Thierry Raynaud dans Kolik D'Hubert Colas © Sylvain Couzinet Jacques
Thierry Raynaud dans Kolik D'Hubert Colas © Sylvain Couzinet Jacques

Thierry Raynaud au cœur vibrant des mots

Reprenant au Théâtre Garonne du 12 au 15 mars L’Été des charognes, premier texte incandescent de Simon Johannin, mis en scène avec puissance par Hubert Colas, le fiévreux comédien remonte le fil de son histoire et évoque son parcours avec la même fougue que sur scène.

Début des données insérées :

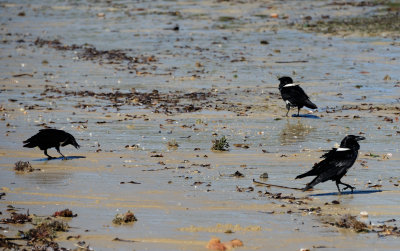 pied crow 3.JPG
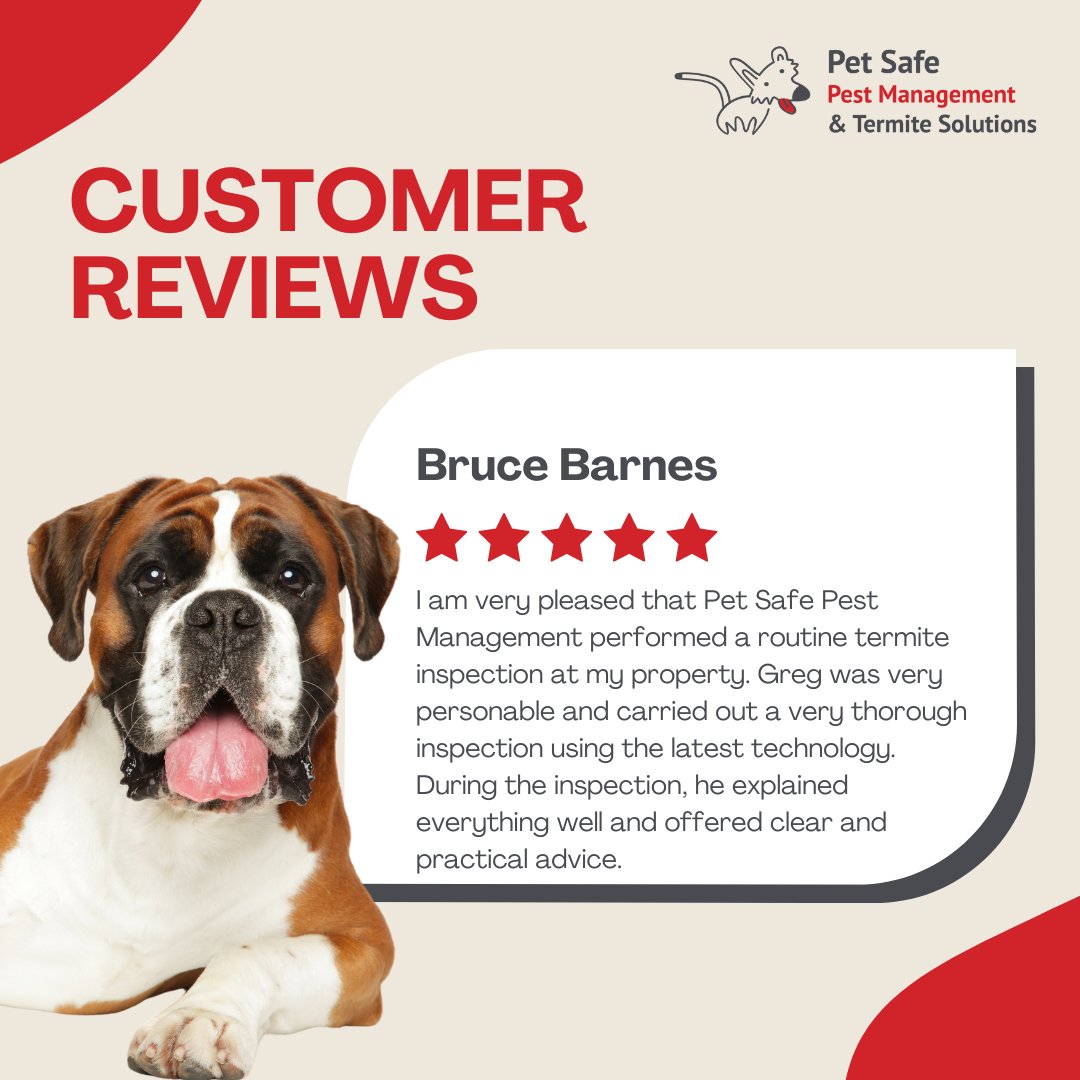 PetPest's tweet photo. 🌟 Big thanks to Bruce for the positive shout-out! 🐾✨

Check our Pet-Friendly Pest Management solutions: https://t.co/5UYBZgqpgs

👉 See what others say: https://t.co/cx7O4qRqXl

#CustomerAppreciation #HappyCustomers #PetSafePestManagement #PetSafePestManagementTermiteSolutions https://t.co/tjFgqLfCmF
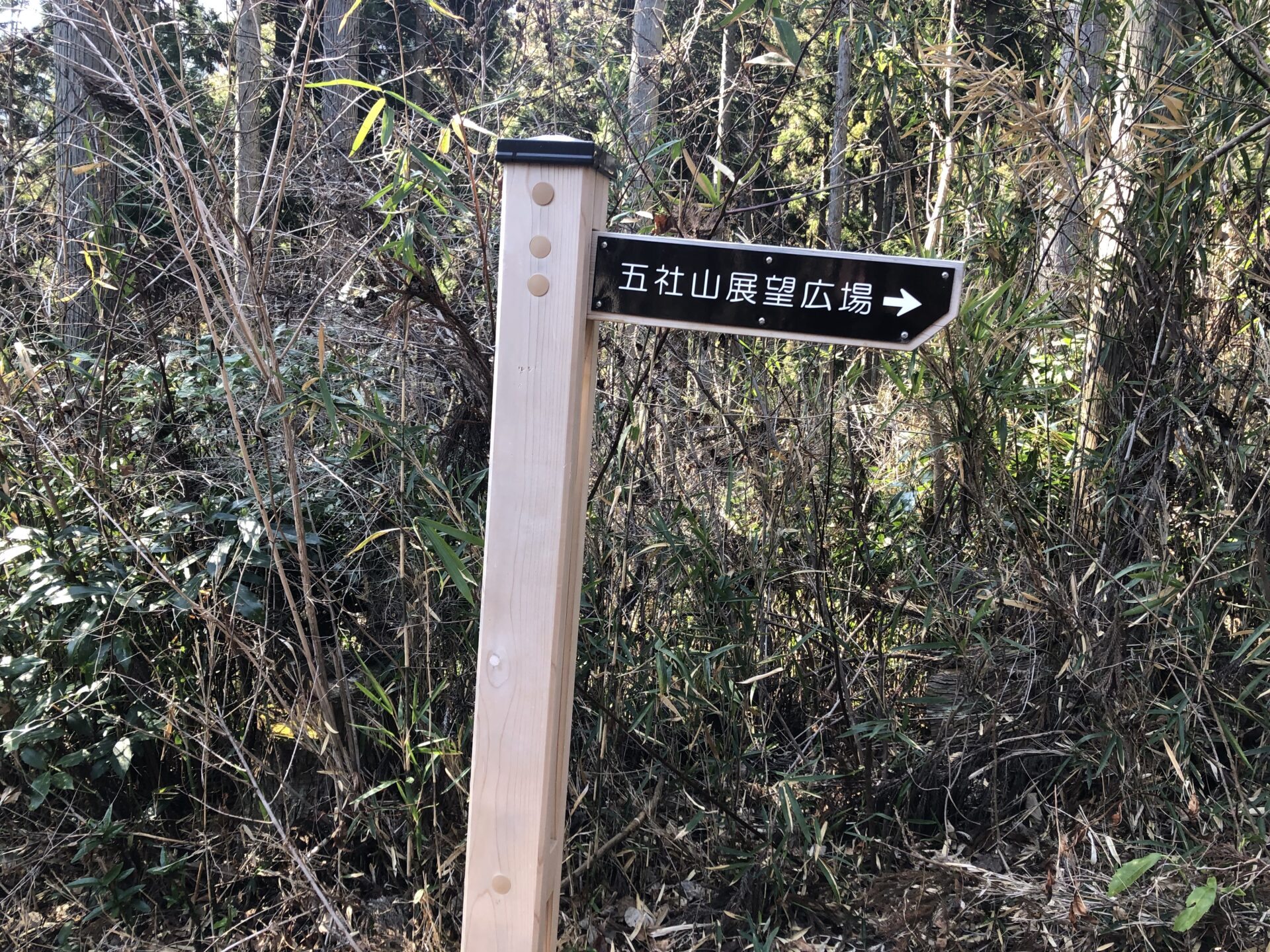 五社山・外山（中の沢本道・新道周回） | 宮城でラーメンときどき登山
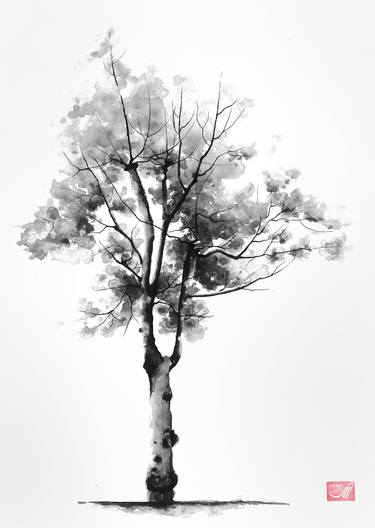 Original Tree Drawings by Sedigheh Zoghi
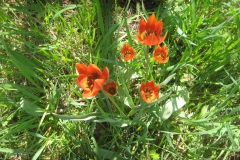 Orangerote-Tulpe-scaled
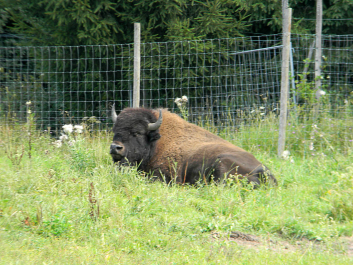 photo 622667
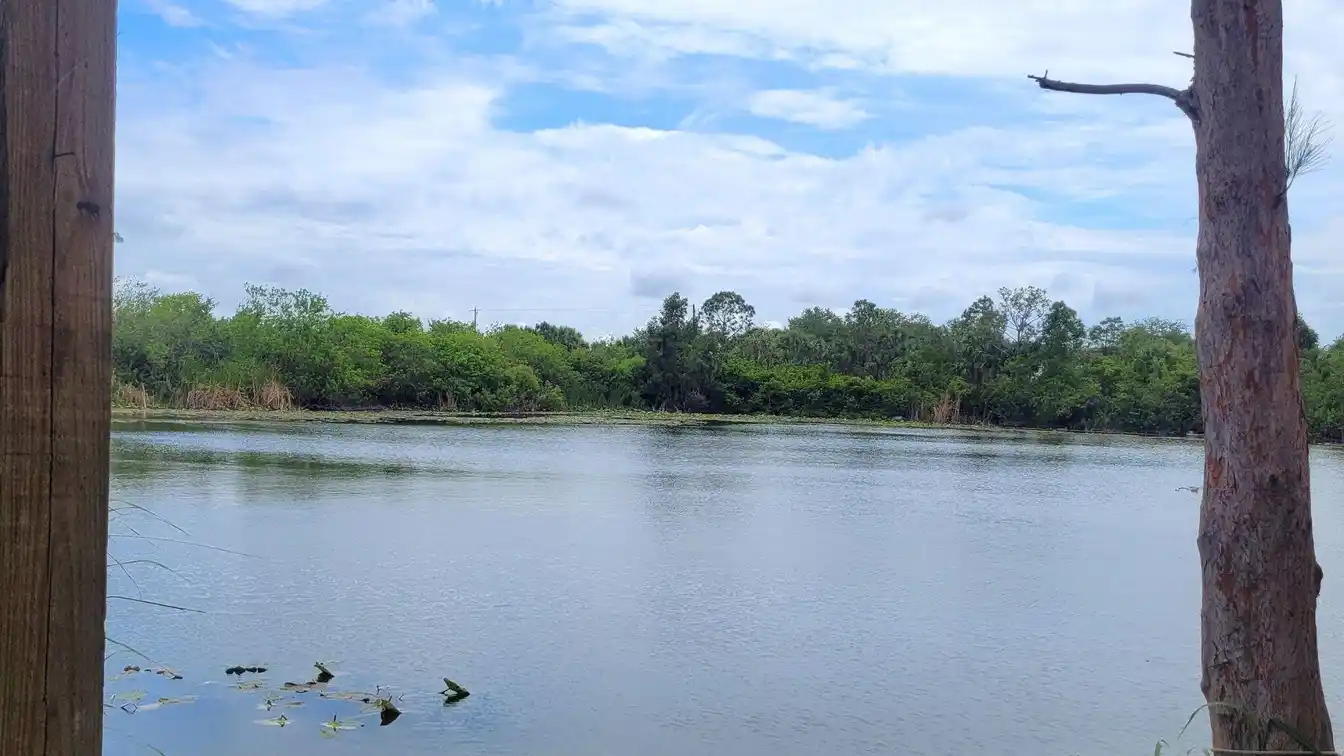 12 Acres with Incredible Potential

Votre premier souvenir d’art vivant ?
Sans hésiter : le vinyle de Pierre et le Loup de Prokofiev, raconté par Gérard Philipe. Et c’est en le réécoutant avec mon fils que j’ai réalisé à quel point cela avait compté pour moi. 

Qu’est-ce qui vous a poussé à choisir cette voie ?
Le hasard, absolument. J’aimais chanter et j’ai rapidement intégré une troupe de quartier qui proposait des spectacles mêlant chant et théâtre. Un jour, un acteur s’est désisté et je l’ai remplacé. Déclic ! 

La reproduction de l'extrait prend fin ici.